The problem: Would you please return only the lines from the one with "麻辣鱼怎样做 麻辣鱼的做法" through the last line of the records below, leaving the pictures out?
:: Material to process
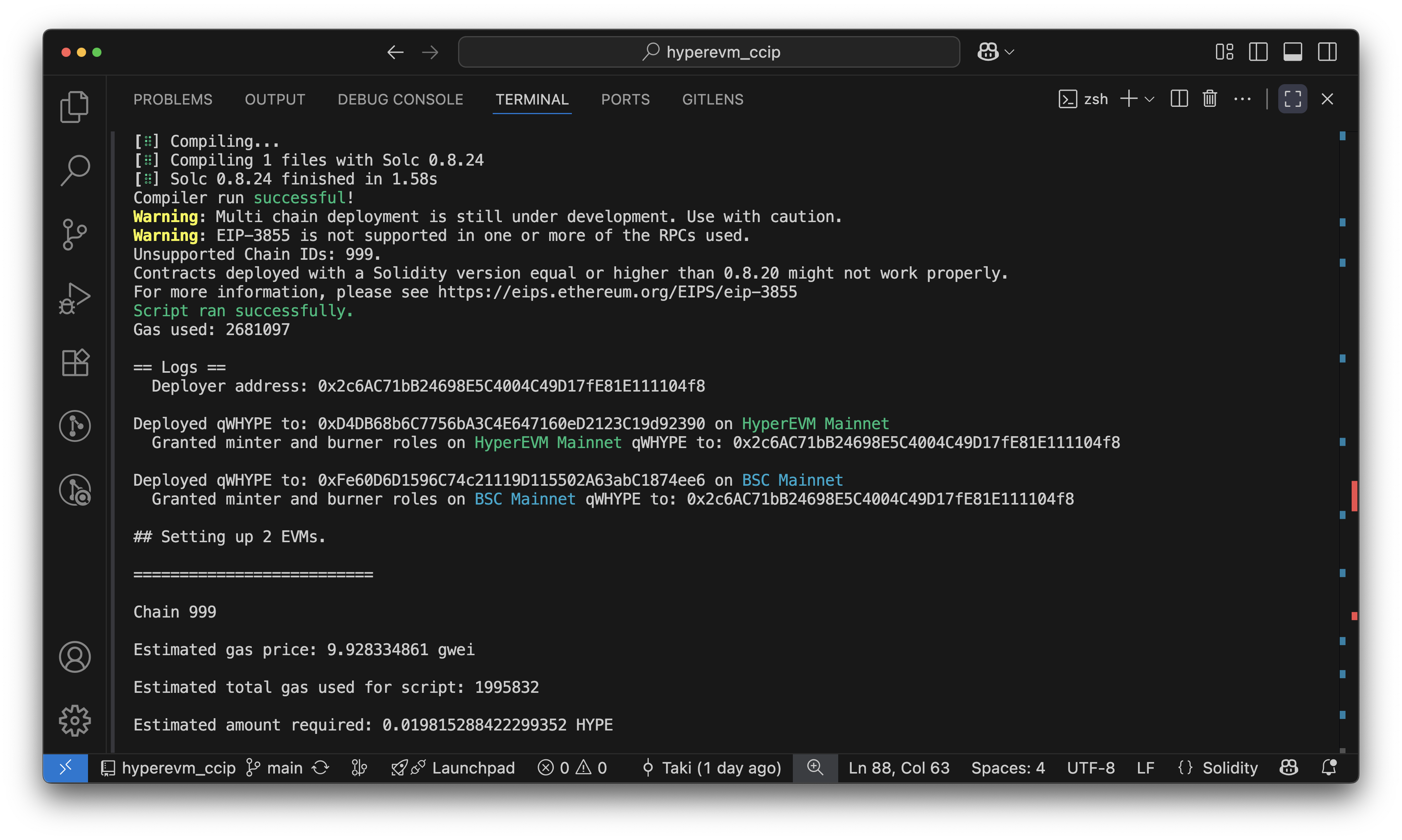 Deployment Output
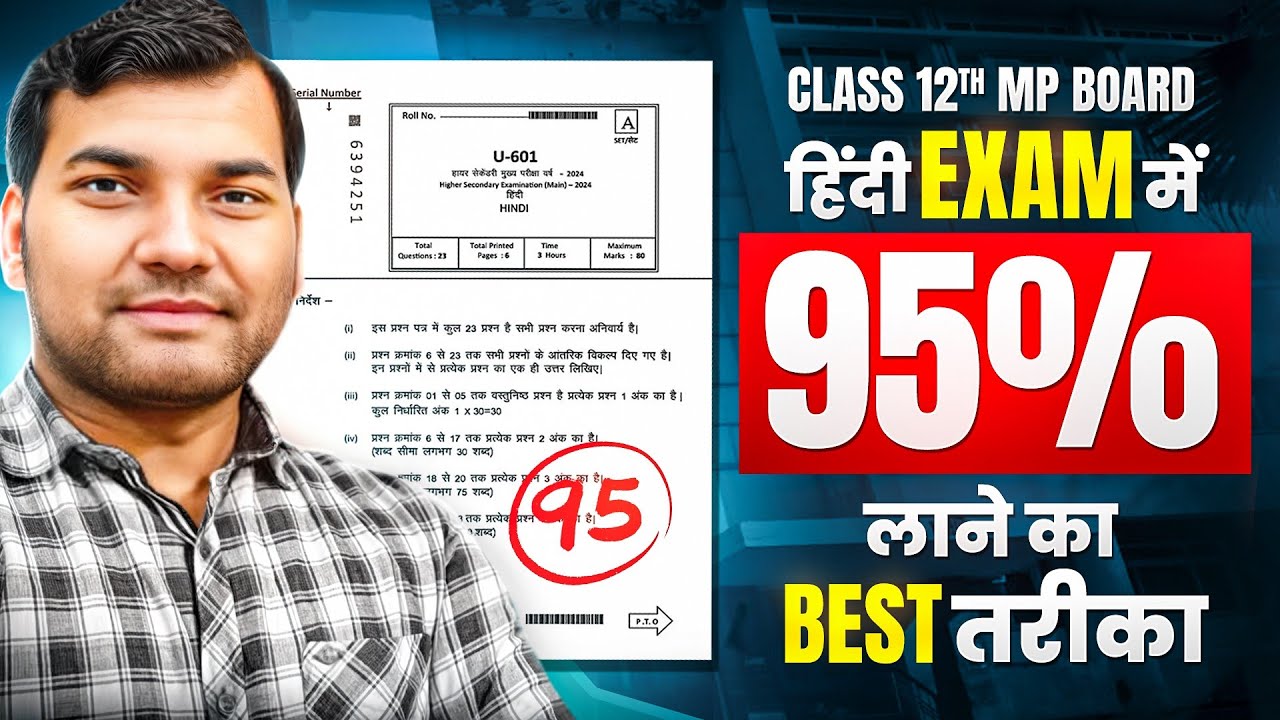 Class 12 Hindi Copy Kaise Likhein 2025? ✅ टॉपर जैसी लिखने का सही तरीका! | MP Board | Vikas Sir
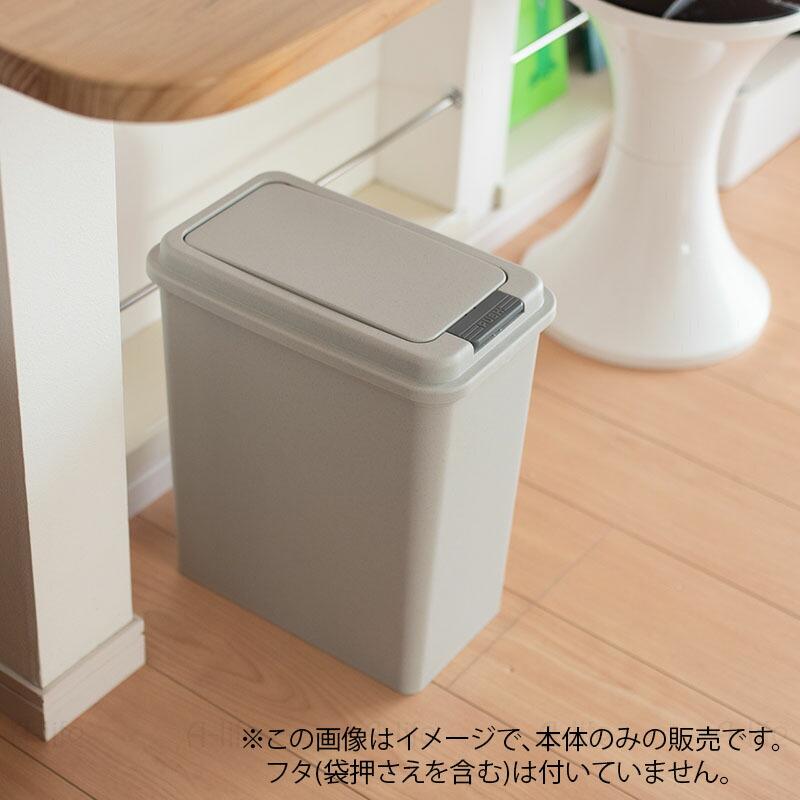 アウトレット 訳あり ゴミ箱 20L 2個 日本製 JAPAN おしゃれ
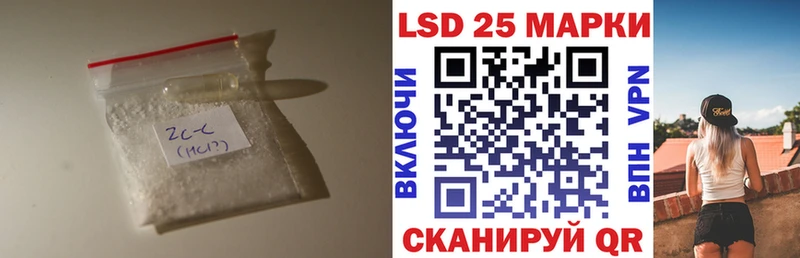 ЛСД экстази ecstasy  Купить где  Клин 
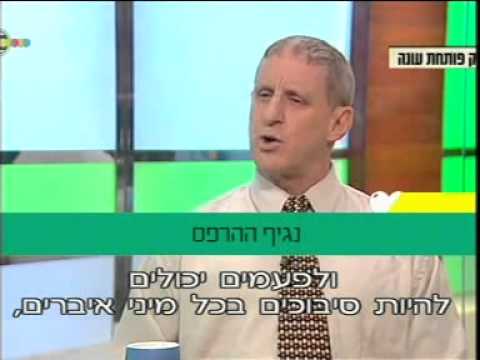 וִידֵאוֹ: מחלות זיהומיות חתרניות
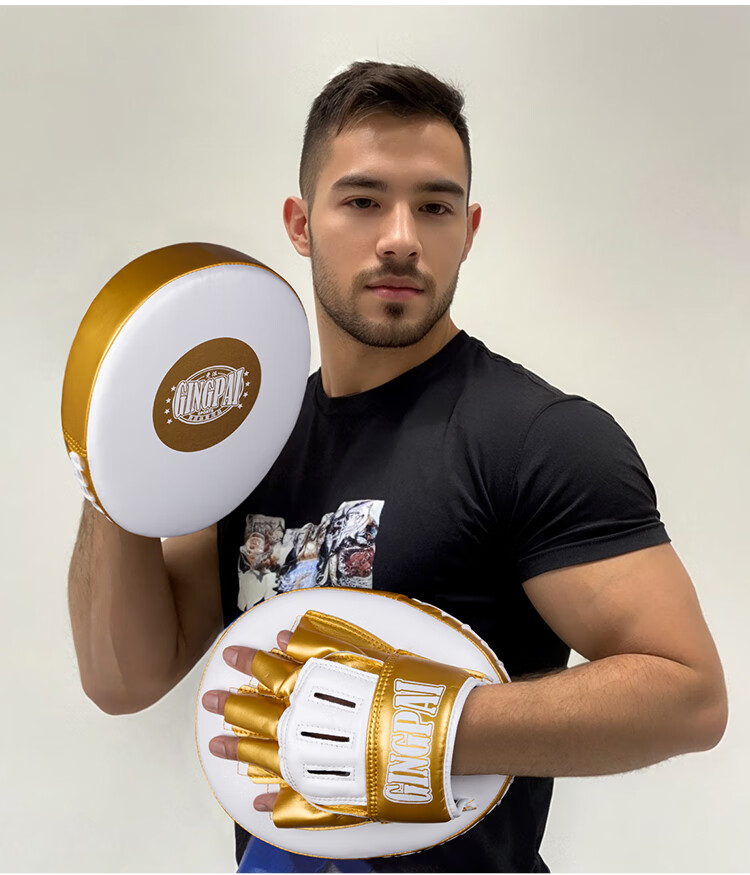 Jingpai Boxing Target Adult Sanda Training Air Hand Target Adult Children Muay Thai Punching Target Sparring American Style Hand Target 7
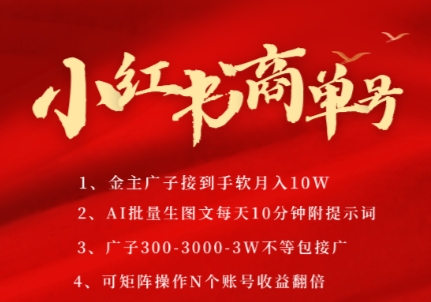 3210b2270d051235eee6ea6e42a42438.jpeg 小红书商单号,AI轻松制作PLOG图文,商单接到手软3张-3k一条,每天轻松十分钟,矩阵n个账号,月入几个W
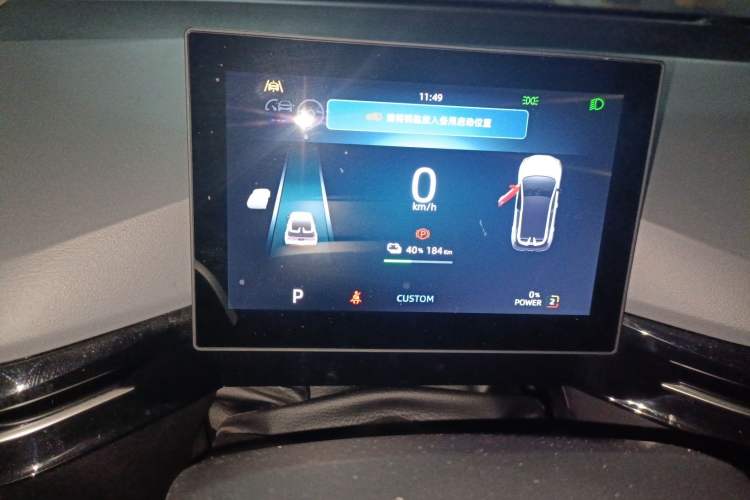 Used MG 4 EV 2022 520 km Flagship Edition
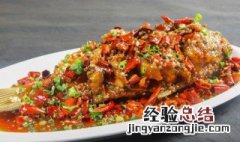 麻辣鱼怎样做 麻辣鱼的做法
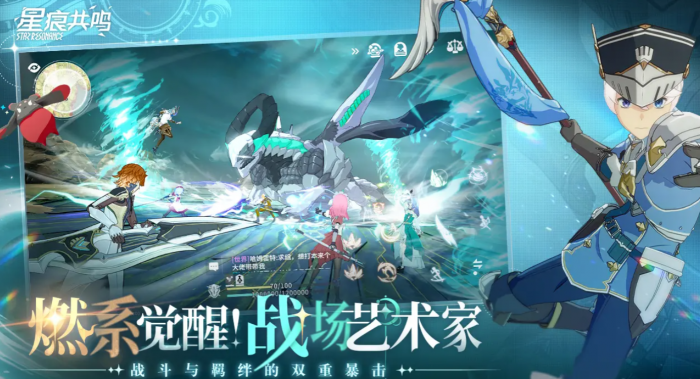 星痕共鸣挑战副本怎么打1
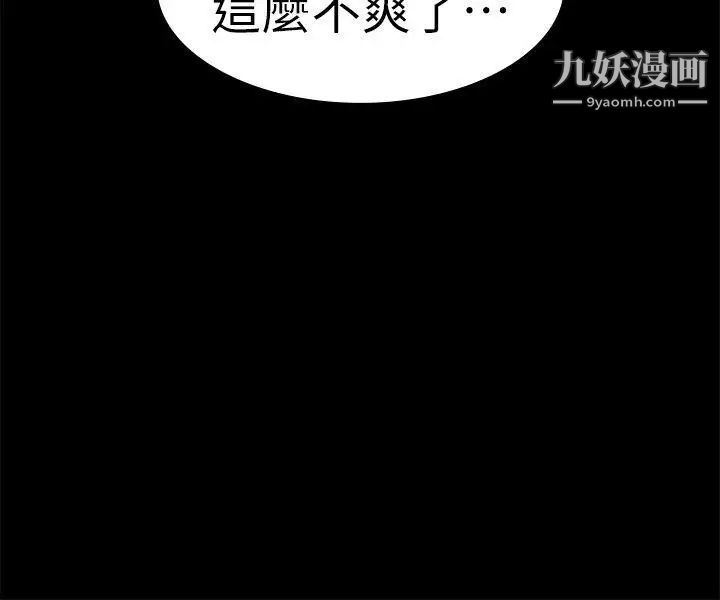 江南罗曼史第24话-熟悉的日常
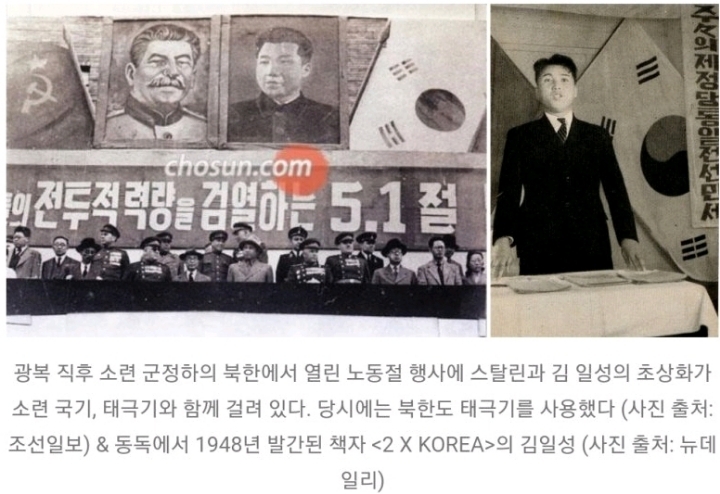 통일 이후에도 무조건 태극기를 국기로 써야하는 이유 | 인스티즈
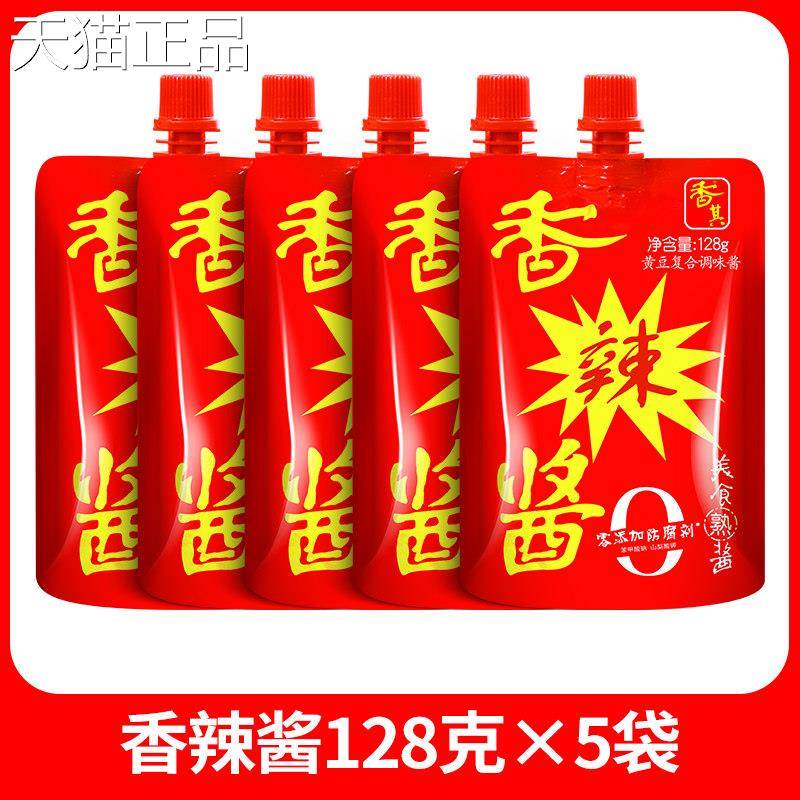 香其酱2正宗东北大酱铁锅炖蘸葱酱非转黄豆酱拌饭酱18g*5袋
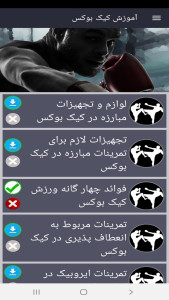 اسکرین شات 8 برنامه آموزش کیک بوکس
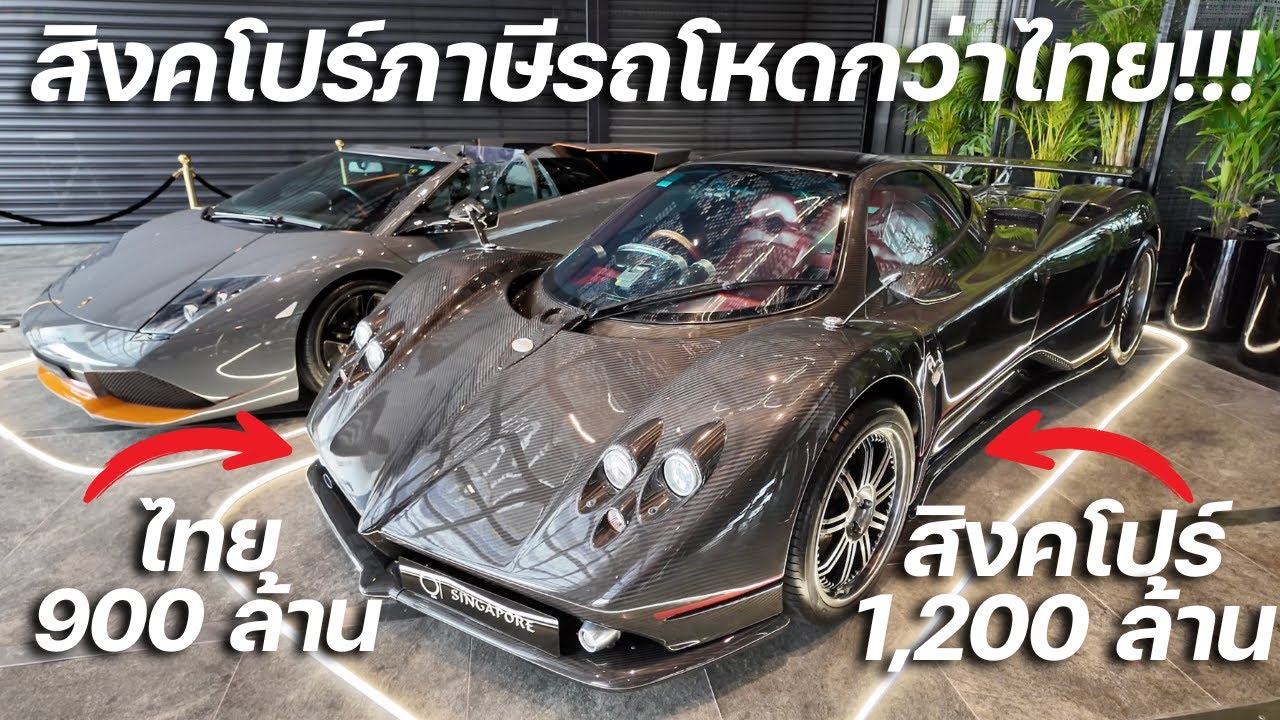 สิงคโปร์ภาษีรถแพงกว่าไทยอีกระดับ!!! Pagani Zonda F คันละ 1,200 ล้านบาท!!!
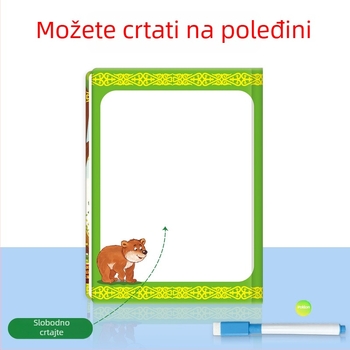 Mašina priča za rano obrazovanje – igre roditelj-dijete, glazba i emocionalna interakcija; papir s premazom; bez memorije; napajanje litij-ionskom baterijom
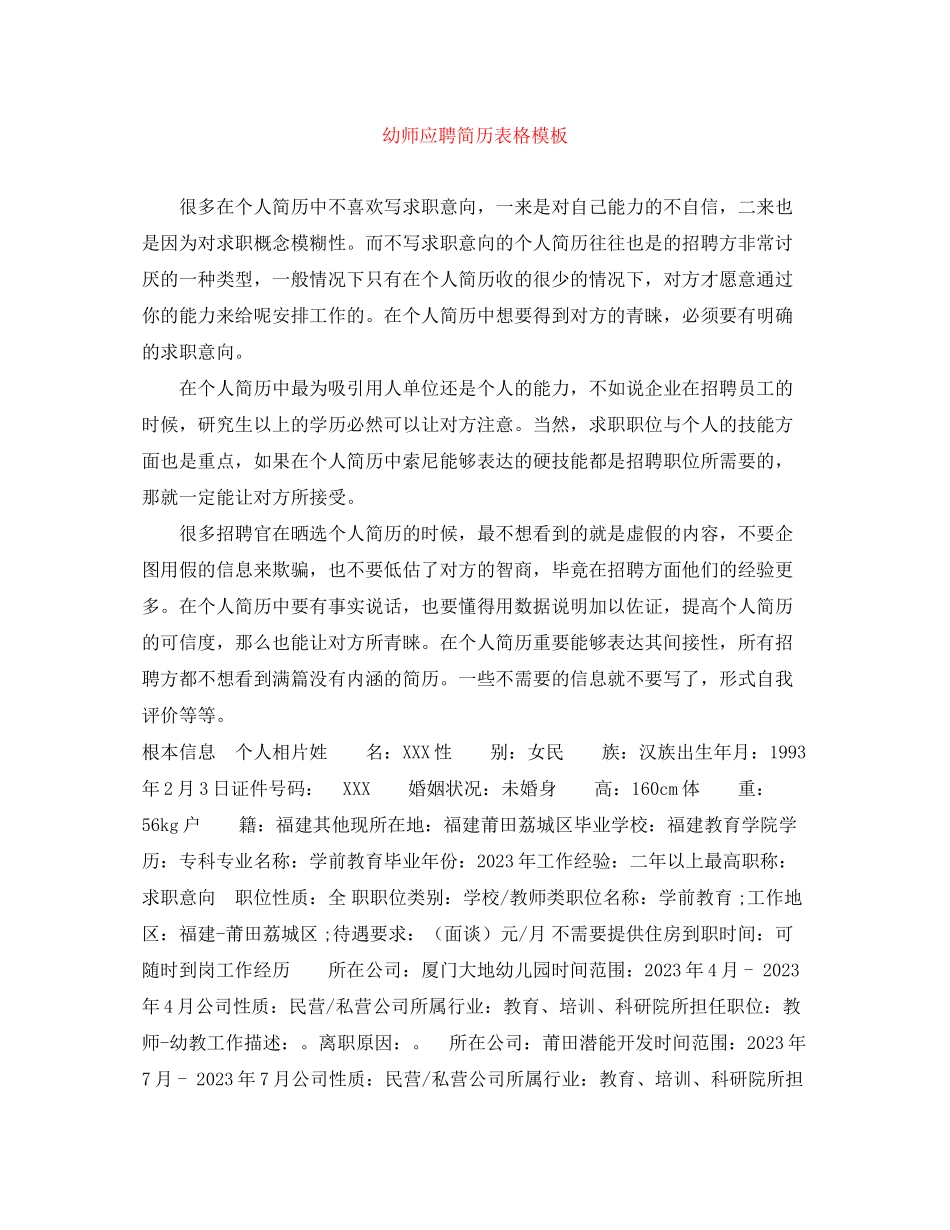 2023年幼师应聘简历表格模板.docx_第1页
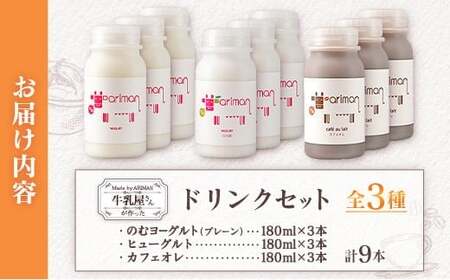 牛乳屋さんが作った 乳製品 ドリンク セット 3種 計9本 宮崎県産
::::
Expected answer:
 麻辣鱼怎样做 麻辣鱼的做法
 星痕共鸣挑战副本怎么打1
 江南罗曼史第24话-熟悉的日常
 통일 이후에도 무조건 태극기를 국기로 써야하는 이유 | 인스티즈
 香其酱2正宗东北大酱铁锅炖蘸葱酱非转黄豆酱拌饭酱18g*5袋
 اسکرین شات 8 برنامه آموزش کیک بوکس
 สิงคโปร์ภาษีรถแพงกว่าไทยอีกระดับ!!! Pagani Zonda F คันละ 1,200 ล้านบาท!!!
 Mašina priča za rano obrazovanje – igre roditelj-dijete, glazba i emocionalna interakcija; papir s premazom; bez memorije; napajanje litij-ionskom baterijom
 2023年幼师应聘简历表格模板.docx_第1页
 牛乳屋さんが作った 乳製品 ドリンク セット 3種 計9本 宮崎県産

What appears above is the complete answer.